The Israeli Authorities demolished, Thursday, the al-Arakib Bedouin Palestinian village, in the Negev, for the 140th consecutive times, after dozens of soldiers and police officers invaded it.
The army, accompanied by bulldozers and machinery, demolished the residential tents and sheds, in addition to all barns, displacing the families along with their children, and leaving them under the rain without shelter.
The residents of al-Arakib said that, despite the pain and the ongoing destruction of their dwelling, they are determined to remain on the lands, and will rebuild their village, as they refuse the Israeli place to displace and relocate them.

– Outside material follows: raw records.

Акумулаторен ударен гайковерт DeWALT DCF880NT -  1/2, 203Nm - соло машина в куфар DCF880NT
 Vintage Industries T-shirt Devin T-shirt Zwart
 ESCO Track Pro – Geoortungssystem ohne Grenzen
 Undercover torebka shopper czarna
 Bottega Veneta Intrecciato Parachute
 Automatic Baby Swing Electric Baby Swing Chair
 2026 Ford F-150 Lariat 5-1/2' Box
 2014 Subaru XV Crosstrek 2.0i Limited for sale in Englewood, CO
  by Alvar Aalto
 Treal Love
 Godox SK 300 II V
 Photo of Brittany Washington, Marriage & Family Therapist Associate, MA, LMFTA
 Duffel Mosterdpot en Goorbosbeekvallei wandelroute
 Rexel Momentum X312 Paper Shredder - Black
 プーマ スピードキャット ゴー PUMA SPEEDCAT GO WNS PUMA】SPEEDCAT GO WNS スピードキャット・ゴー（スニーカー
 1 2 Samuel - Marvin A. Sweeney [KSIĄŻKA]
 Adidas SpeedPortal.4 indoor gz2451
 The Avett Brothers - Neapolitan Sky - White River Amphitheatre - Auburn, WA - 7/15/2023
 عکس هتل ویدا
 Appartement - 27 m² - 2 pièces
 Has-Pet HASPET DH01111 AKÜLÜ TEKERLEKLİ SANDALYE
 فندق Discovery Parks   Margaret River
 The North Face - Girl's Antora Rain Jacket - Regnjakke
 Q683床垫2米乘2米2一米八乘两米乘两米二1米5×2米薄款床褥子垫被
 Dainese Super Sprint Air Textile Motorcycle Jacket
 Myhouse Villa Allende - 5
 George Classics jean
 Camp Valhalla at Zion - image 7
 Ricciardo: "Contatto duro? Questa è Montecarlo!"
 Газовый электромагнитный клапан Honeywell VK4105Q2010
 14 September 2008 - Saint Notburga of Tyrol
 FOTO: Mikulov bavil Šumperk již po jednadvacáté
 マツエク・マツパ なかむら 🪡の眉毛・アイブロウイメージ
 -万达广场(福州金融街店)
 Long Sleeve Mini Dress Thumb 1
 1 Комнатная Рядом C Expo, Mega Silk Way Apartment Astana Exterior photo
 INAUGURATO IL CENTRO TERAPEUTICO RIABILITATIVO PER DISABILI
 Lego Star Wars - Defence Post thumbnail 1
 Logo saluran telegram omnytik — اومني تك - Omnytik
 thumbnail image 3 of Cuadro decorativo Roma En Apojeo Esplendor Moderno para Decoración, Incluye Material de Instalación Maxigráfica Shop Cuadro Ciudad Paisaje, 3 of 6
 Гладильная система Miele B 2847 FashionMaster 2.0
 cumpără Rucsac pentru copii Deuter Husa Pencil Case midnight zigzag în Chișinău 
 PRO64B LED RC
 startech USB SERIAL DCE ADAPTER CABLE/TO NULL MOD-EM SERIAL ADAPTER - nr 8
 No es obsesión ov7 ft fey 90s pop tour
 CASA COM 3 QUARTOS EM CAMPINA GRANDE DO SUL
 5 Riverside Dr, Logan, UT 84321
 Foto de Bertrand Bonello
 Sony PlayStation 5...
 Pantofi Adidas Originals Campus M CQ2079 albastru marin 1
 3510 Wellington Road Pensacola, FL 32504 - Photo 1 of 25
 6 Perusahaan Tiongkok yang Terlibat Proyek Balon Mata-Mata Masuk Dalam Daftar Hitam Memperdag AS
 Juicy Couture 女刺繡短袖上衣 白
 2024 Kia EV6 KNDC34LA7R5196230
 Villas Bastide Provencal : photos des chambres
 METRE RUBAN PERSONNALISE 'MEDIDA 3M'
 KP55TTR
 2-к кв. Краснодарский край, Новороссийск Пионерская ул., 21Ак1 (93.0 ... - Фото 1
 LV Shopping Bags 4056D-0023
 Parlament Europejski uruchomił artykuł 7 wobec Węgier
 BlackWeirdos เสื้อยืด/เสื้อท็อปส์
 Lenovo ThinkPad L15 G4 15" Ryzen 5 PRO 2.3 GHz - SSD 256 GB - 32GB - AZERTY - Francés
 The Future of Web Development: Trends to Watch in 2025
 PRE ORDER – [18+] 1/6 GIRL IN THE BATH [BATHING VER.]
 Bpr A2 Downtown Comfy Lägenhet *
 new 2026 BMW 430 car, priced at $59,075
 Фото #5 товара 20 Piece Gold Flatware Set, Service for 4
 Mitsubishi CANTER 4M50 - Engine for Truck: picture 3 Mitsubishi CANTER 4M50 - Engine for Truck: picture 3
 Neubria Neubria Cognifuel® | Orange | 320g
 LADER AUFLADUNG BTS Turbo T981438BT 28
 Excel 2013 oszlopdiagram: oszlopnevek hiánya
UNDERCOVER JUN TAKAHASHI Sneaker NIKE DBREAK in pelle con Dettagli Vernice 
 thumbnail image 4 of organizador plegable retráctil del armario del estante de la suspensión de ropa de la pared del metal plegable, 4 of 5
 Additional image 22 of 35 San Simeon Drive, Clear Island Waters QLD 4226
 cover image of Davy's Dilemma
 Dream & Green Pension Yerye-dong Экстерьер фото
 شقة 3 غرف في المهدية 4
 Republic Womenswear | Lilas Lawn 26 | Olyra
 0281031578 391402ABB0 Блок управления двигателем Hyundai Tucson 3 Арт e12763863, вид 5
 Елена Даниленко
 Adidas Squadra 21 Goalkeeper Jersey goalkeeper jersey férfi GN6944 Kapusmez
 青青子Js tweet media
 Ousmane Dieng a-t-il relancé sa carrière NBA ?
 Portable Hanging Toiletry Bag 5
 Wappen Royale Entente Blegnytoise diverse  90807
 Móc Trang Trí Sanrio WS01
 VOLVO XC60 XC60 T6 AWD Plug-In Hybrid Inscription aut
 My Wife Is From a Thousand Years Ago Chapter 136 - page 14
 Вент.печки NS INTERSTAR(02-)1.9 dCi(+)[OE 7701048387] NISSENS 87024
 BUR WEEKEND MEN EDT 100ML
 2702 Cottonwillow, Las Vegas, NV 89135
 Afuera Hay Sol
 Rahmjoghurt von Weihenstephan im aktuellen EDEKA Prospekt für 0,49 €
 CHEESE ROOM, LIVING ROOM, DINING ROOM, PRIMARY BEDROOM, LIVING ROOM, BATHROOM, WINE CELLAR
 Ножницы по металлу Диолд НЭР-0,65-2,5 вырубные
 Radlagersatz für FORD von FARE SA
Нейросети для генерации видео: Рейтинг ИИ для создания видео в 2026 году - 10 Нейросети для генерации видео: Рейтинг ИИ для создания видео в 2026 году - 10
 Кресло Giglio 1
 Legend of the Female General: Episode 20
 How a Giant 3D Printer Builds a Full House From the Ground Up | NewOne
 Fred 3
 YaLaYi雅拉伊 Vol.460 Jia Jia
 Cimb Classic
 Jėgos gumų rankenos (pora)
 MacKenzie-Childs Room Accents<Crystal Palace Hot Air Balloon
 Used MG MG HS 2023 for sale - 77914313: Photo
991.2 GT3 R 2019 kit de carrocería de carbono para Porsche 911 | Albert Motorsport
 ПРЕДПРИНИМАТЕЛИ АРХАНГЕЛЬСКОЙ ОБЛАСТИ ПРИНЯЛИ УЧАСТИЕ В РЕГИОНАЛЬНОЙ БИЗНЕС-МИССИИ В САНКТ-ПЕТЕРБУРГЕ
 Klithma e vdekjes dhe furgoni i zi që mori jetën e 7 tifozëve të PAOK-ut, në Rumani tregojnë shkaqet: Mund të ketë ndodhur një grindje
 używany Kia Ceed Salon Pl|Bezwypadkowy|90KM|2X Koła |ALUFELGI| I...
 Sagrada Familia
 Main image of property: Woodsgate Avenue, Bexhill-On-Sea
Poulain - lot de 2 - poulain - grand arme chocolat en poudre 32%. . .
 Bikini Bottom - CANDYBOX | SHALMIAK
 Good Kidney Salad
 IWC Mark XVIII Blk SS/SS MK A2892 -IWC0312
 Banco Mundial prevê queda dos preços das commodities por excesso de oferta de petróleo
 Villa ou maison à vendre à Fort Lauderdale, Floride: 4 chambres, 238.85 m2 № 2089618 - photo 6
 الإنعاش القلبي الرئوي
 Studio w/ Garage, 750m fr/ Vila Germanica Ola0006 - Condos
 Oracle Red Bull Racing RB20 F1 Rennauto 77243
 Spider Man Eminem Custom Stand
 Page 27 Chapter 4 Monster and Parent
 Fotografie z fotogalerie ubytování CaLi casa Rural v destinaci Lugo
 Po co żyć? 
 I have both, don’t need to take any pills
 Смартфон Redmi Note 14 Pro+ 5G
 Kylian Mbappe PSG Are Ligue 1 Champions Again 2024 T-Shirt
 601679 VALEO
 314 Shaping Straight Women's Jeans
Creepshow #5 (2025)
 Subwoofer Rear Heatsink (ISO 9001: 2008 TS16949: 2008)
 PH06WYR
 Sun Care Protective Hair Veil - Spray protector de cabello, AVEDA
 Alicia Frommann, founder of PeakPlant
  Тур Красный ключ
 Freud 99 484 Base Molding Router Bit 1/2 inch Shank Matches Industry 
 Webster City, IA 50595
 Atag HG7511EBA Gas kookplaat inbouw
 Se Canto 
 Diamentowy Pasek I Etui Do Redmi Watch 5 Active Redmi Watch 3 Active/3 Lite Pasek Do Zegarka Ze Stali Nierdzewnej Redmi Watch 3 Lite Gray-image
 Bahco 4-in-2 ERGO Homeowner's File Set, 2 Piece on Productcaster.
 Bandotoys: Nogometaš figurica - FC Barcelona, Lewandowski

There are about 240.000 Palestinains living in dozens of villages and communities in the Negev, but the communities are not recognized by Israel ad are considered illegal, although they predate Israel itself.
Al-Arakib, Umm al-Hiran and Abu Qweider, are among 34 “unrecognized villages” that do not receive any services from Israel and are without basic infra-structure, including running water and electricity.
Meanwhile, Israel continues its plans to established four new colonies in the Negev, as part of the so-called “Negev Development Plan.”
These “unrecognized” villages were established in the Negev soon after the 1948 Arab-Israeli war, following the creation of the state of Israel, when an estimated 750,000 Palestinians were forcibly expelled from their homes and made refugees.
Many Bedouins were forcibly transferred to the village sites during the 17-year period when Palestinians inside Israel were governed under Israeli military law, which ended shortly before Israel’s military takeover of Gaza and the West Bank, including East Jerusalem, in 1967.
Now, more than 60 years later, the Bedouin villages have yet to be legally recognized by Israel and live under constant threat of demolition and forcible removal.